■ **DIRECTIONS FOR THIS TASK**:
A faithful copy of all the data is the goal; omit the pictures.

■ **DATA PROVIDED**:
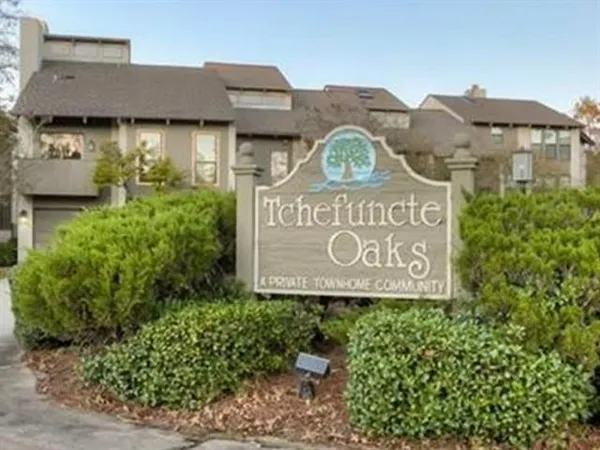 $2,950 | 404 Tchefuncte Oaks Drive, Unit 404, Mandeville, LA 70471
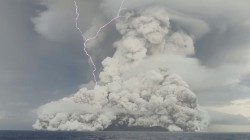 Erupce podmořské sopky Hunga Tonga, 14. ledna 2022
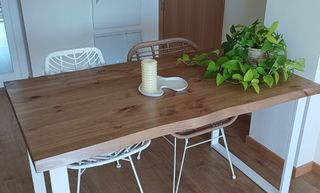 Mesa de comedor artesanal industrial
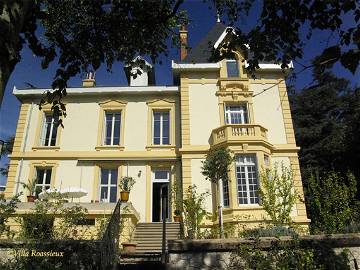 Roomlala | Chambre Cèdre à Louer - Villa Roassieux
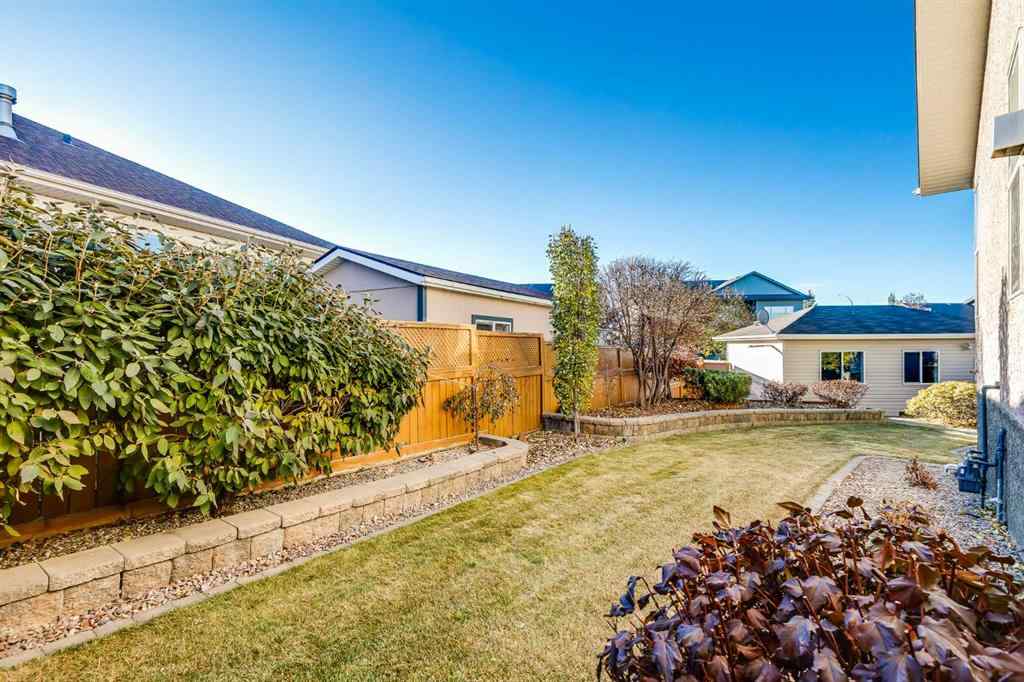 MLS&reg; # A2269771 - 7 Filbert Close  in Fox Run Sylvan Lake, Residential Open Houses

■ **ANSWER BELOW**:
 $2,950 | 404 Tchefuncte Oaks Drive, Unit 404, Mandeville, LA 70471
 Erupce podmořské sopky Hunga Tonga, 14. ledna 2022
 Mesa de comedor artesanal industrial
 Roomlala | Chambre Cèdre à Louer - Villa Roassieux
 MLS&reg; # A2269771 - 7 Filbert Close  in Fox Run Sylvan Lake, Residential Open Houses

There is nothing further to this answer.